Jonathan Stern’s script clearly wants to do a lot of work in the 15 minutes allotted to it, and the fact of the matter is that he does. That’s part of why the episode is so messy. Lola’s super power plot and Blake’s daddy issues are easily two separate episodes on their own, yet they find their way here together, never once actually feeling like they’re on the same frequency. Disjointed can work—especially for Childrens Hospital—but neither plot really makes it off the ground, save for the roof scene at the end of Lola’s plot (both figuratively and literally, obviously).
“With Great Power…” is simply better in theory than it is in practice, which if you then take the episode as a commentary on certain superhero movies (see: the recent trailer for Batman V. Superman: Dawn Of Justice), then maybe it’s actually an amazing episode. If you don’t, then you have all of the above.
Also, not to sound like a broken record, but this episode is another one where the lack of certain cast members is simply too glaring. When Owen tells Blake about and Glenn’s bleeding penis, only for there never even being a glimpse of Glenn in the episode, it becomes another cast absence to dwell on. As is Owen disappearing from the episode right after he suggests the mulligan for Blake (and Sy also disappearing after his one scene). Knowing that the cast of busy actors is, in fact, busy makes it easy to accept such inevitabilities, but it’s ridiculous to believe episodes of Childrens Hospital will never suffer for it. Just look at this one.
- The best part of the climactic roof scene wasn’t anything happening in the scene itself but instead the background of Brazil. Subtle touches like that are always appreciated on such an in-your-face series.
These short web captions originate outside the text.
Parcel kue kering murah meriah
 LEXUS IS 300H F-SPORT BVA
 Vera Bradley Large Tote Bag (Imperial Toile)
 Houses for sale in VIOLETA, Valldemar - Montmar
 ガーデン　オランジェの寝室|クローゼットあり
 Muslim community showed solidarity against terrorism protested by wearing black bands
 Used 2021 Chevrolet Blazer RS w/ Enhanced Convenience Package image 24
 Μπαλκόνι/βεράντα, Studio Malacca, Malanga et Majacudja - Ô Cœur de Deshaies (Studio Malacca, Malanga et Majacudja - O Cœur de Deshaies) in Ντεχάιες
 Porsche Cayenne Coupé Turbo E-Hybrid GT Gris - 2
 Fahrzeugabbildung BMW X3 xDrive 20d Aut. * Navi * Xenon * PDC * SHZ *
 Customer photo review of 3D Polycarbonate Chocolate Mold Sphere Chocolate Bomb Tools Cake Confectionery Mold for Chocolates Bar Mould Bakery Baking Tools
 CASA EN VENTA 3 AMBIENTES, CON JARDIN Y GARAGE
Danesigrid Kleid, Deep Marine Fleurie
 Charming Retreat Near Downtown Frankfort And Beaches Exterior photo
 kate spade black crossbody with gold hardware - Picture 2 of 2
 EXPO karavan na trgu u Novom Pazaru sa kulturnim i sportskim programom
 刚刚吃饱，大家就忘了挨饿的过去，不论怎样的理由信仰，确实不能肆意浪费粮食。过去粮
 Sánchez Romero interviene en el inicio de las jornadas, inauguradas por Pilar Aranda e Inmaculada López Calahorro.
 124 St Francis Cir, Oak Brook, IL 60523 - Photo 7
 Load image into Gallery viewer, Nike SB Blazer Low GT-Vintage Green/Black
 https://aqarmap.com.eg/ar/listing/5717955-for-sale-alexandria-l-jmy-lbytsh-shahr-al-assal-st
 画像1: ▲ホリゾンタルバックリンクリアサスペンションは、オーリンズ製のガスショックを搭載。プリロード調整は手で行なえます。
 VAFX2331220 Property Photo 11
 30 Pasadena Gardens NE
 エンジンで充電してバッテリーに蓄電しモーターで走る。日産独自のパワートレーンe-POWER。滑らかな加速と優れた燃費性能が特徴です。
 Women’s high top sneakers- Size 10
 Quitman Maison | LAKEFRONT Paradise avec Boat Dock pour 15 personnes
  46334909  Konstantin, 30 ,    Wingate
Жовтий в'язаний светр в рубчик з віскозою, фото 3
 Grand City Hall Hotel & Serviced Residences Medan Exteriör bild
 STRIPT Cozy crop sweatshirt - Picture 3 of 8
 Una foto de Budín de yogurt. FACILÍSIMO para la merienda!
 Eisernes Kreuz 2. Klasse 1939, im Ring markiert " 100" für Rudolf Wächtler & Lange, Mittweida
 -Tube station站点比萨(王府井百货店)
- It was the season three premiere that featured Chief as a fully mobile superhero on the weekends, and I actually thought going into this episode that it would be similar to that. This is definitely more “grounded,” if that word has any true meaning in the case of Childrens Hospital.
- David Wain plays the Square Dance Caller. Bless his heart. Even before I was sure of that, his own dancing kind of tipped me off.